When all is said and done, on Matthew Stewart’s reading of the Spinoza-Leibniz encounter in The Courtier and the Heretic, Leibniz’s philosophy is a reactive philosophy – a philosophy founded on not being Spinoza’s philosophy rather than being a philosophy that is for something, that is an affirmative philosophy. This may be too strong a claim, but Stewart goes even further and argues that the dominant tendency of modern philosophy has been one of a series of ongoing reactions to Spinoza’s thought. Stewart is quite forthright:
And yet, although the world we live in is perhaps better and more originally described by Spinoza, the reactive form of modernity that began with Leibniz has in fact become the dominant form of modern philosophy. Anxious over the apparent purposelessness of the world revealed by modern science; bitter about the threatened demotion of humankind from its special place in nature; alienated from a society that seems to recognize no transcendent goals and unwilling to assume personal responsibility for happiness–a needy humankind has reinvented the Leibnizian philosophy with abandon over the past three centuries…Kant’s attempt to prove the existence of a “noumenal” world of pure selves and things in themselves on the basis of a critique of pure reason; the ninteteenth-century-spanning efforts to reconcile teleology with mechanism that began with Hegel; Bergson’s claim to have discovered a world of life forces immune to the analytical embrace of modern science; Heidegger’s call for the overthrow of western metaphysics in order to recover the truth about Being; and the whole “postmodern” project of deconstructing the phallogocentric tradition of western thought–all of these diverse trends in modern thought have one thing in common: they are at bottom forms of the reaction to modernity first instantiated by Leibniz.

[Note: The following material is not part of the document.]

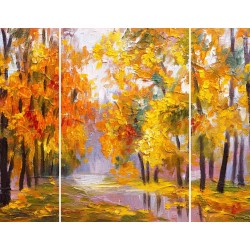 Triptyque sur toile peinture d'automne 125x97 cm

To state Stewart’s claim in other terms, Spinoza is the last realist philosopher and since Leibniz we have been largely on an anti-realist path, a path Stewart presents as a failure of nerve, a failure to embrace the immanence of life as fully real and in no need of anything other, anything transcendent, to give it a meaning or purpose. As Stewart puts it, “Spinoza speaks for those who believe that happiness and virtue are possible with nothing more than what we have in our hands. Leibniz stands for those convinced that happiness and virtue depend on something that lies beyond.” It is perhaps not surprising then that Stewart himself, after getting his Ph.D. in philosophy from Oxford (in just 3 years) abandoned the academy, claiming at his website that he discovered what he “took to be irrefutable philosophical objections to pursuing a career in academic philosophy.” He went, instead, and made a lot of money as a management consultant, proving the point Thales made after making a killing with his olive press that, as Aristotle presents it, ‘it is easy for a philosopher to be rich if they choose it.’ Much harder to attain is the happiness that requires ‘nothing more than what we have in our hands,’ for if it were easy, ‘and could be found without great effort,’ as Spinoza concludes his Ethics, then ‘how could everyone neglect it? But all things excellent are as difficult as they are rare.’